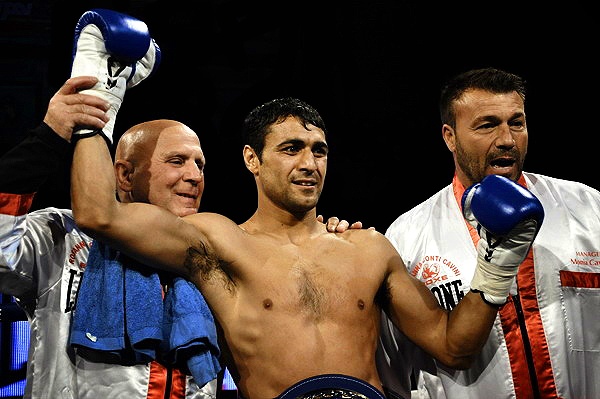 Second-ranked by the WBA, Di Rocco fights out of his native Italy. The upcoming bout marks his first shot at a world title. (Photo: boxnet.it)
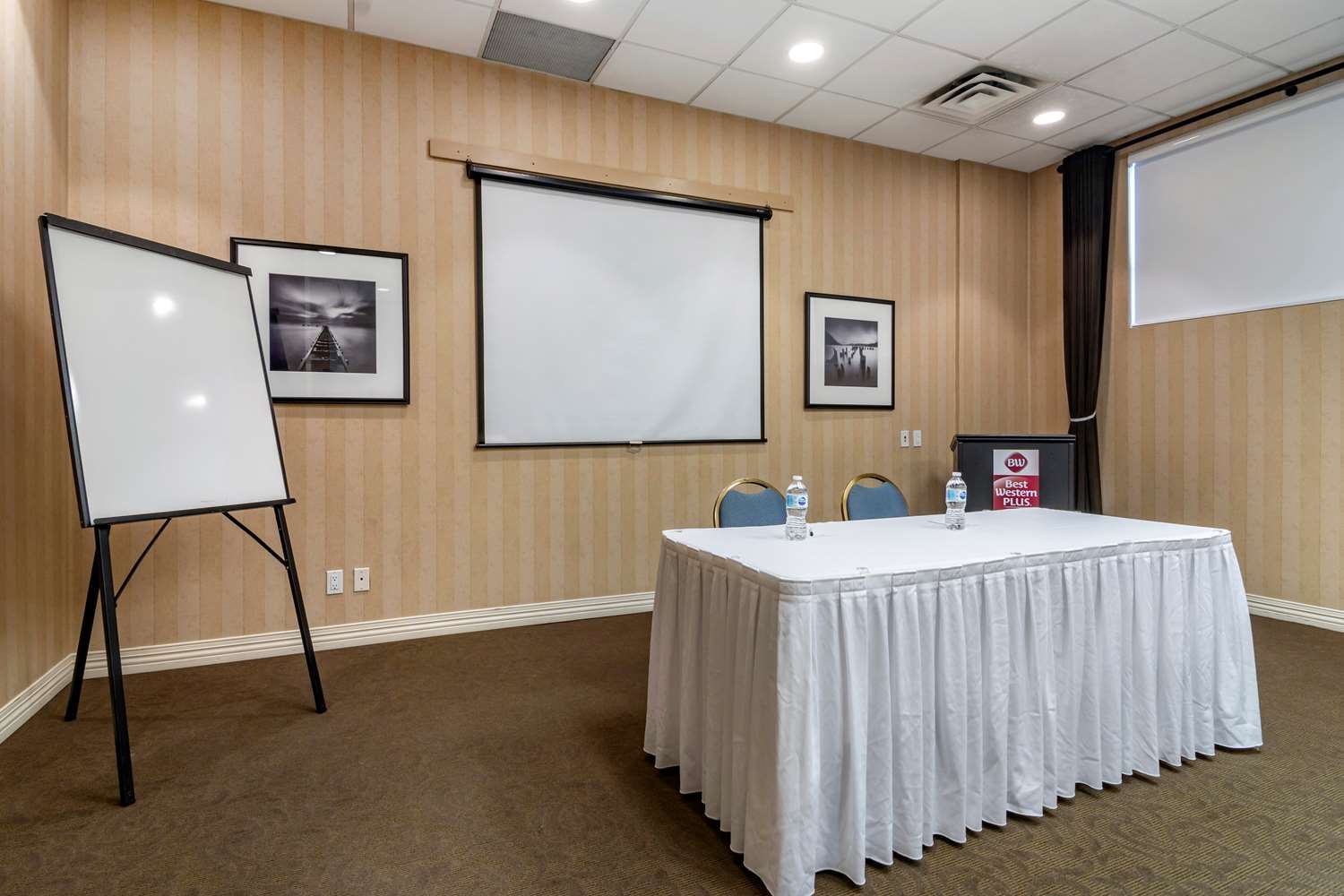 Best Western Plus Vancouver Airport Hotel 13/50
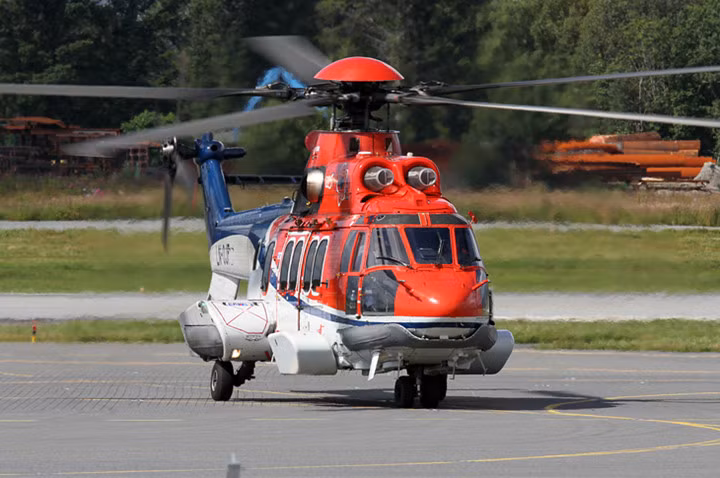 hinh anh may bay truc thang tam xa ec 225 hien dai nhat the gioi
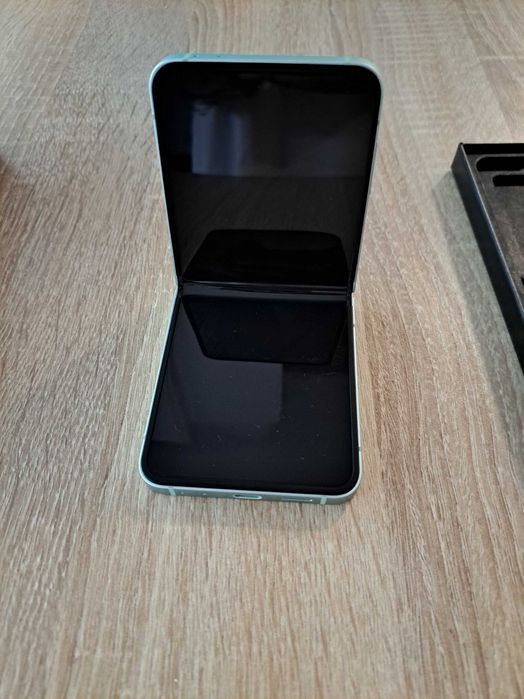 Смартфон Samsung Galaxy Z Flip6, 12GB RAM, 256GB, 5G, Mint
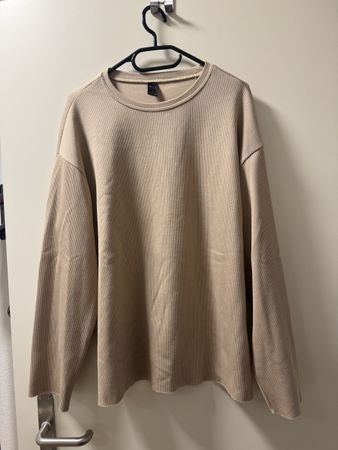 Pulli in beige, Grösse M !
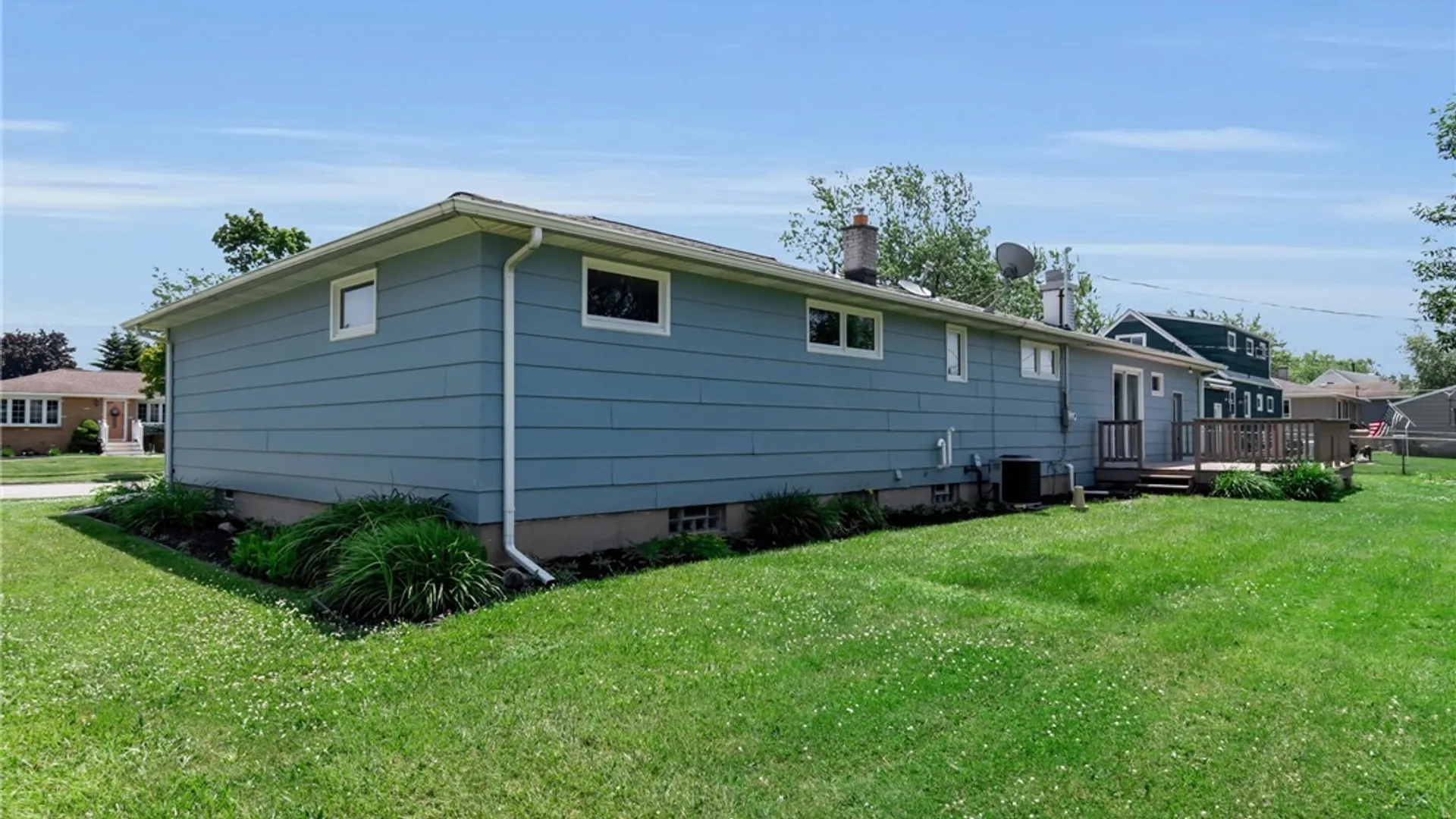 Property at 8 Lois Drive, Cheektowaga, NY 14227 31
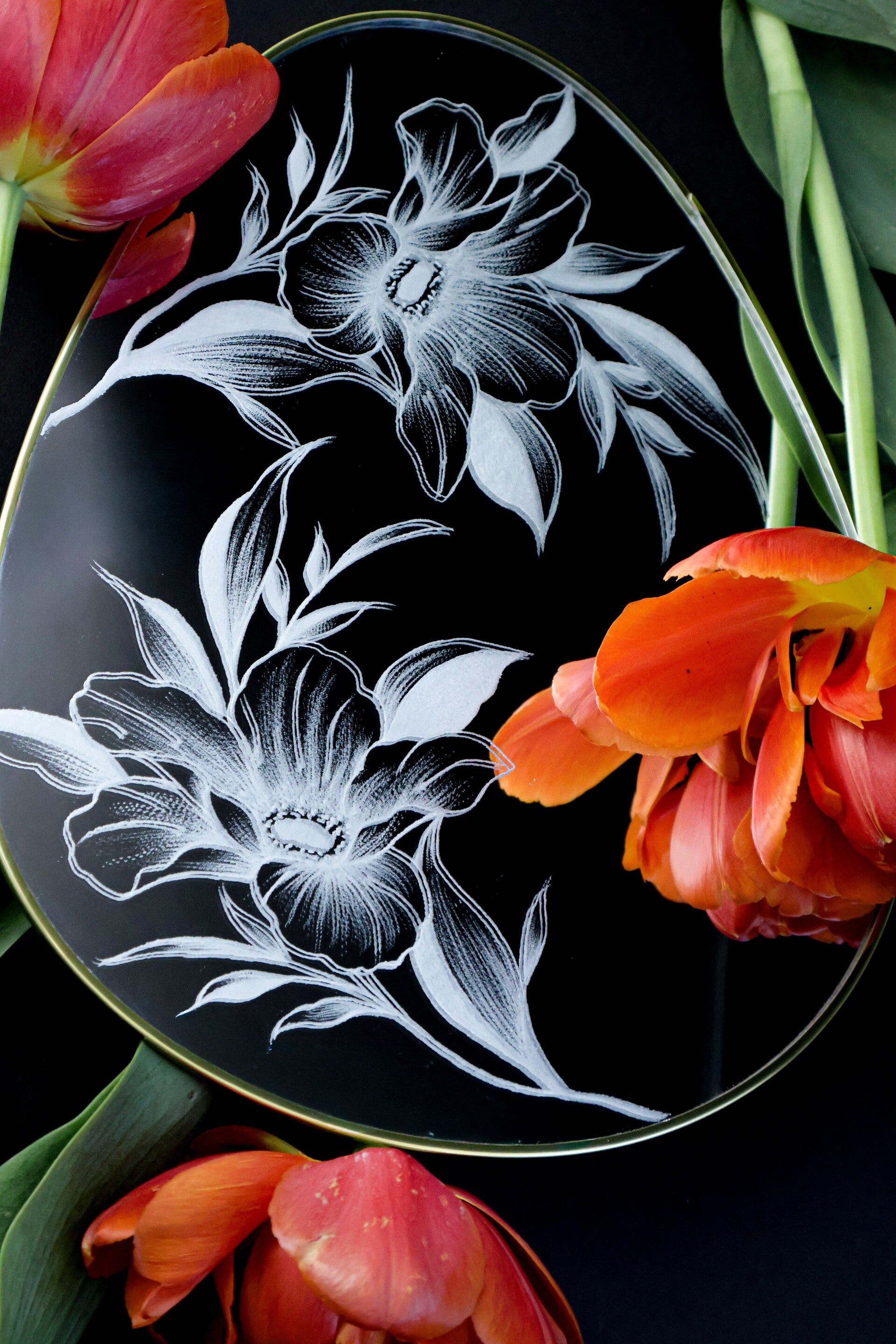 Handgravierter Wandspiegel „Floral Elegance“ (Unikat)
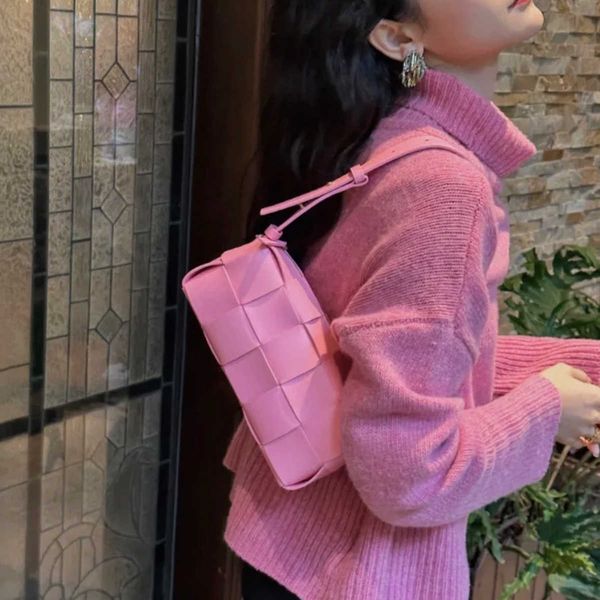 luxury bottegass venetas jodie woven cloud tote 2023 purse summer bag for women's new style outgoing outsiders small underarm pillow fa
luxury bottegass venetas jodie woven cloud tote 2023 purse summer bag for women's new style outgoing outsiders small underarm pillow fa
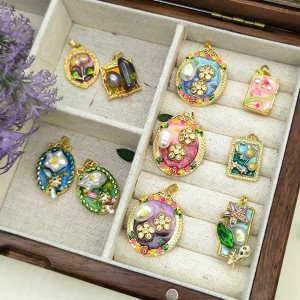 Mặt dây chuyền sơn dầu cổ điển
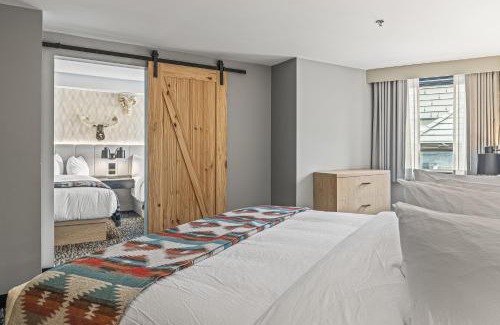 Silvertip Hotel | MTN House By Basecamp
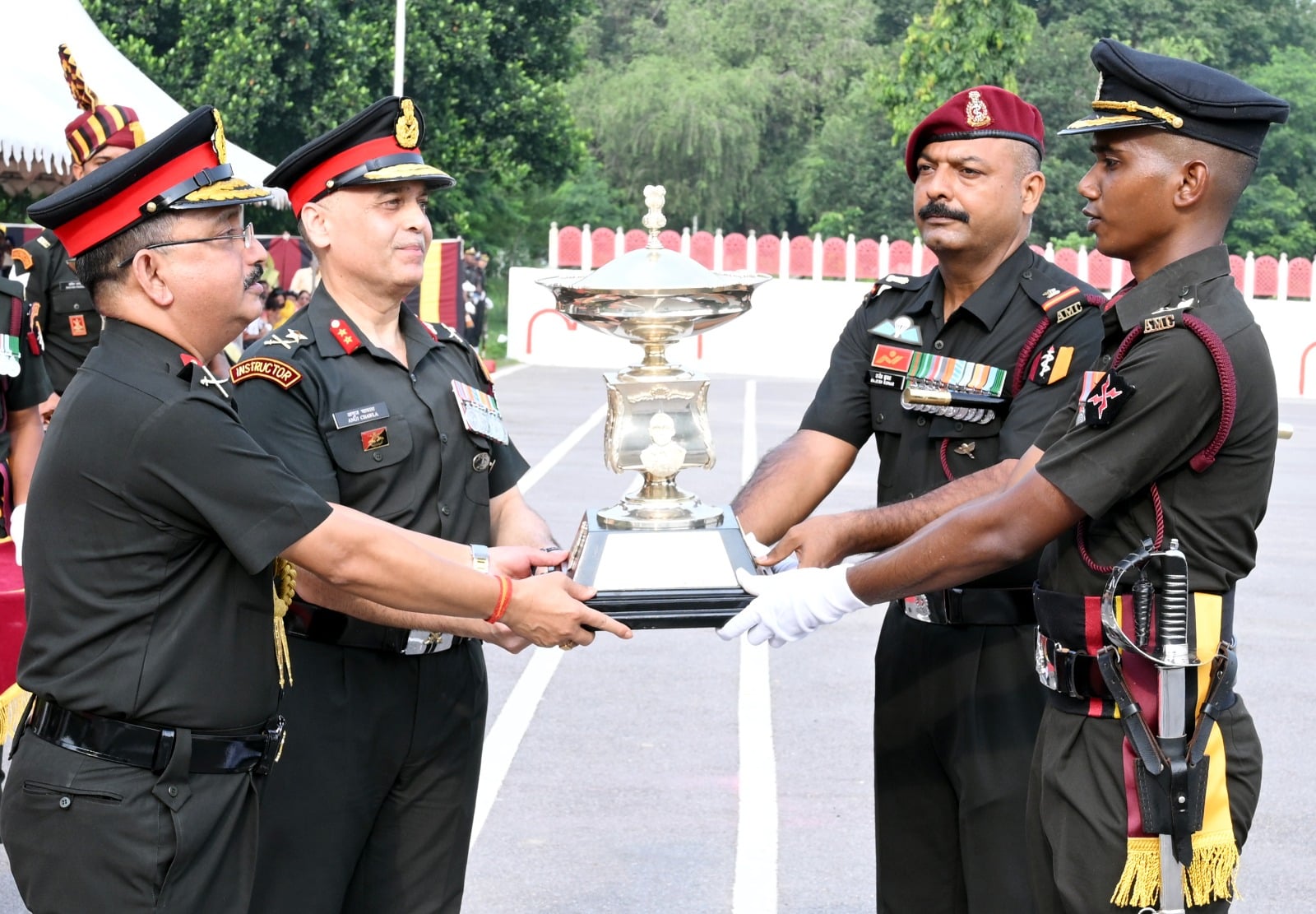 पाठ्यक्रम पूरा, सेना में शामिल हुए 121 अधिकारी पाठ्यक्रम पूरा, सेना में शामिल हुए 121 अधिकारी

## BRIEF
Take the line that contains "Смартфон Samsung Galaxy" and all lines after it to the end of the material above, and copy them verbatim without any images.

## ANSWER TO THE PROBLEM
 Смартфон Samsung Galaxy Z Flip6, 12GB RAM, 256GB, 5G, Mint
 Pulli in beige, Grösse M !
 Property at 8 Lois Drive, Cheektowaga, NY 14227 31
 Handgravierter Wandspiegel „Floral Elegance“ (Unikat)
 luxury bottegass venetas jodie woven cloud tote 2023 purse summer bag for women's new style outgoing outsiders small underarm pillow fa
luxury bottegass venetas jodie woven cloud tote 2023 purse summer bag for women's new style outgoing outsiders small underarm pillow fa
 Mặt dây chuyền sơn dầu cổ điển
 Silvertip Hotel | MTN House By Basecamp
 पाठ्यक्रम पूरा, सेना में शामिल हुए 121 अधिकारी पाठ्यक्रम पूरा, सेना में शामिल हुए 121 अधिकारी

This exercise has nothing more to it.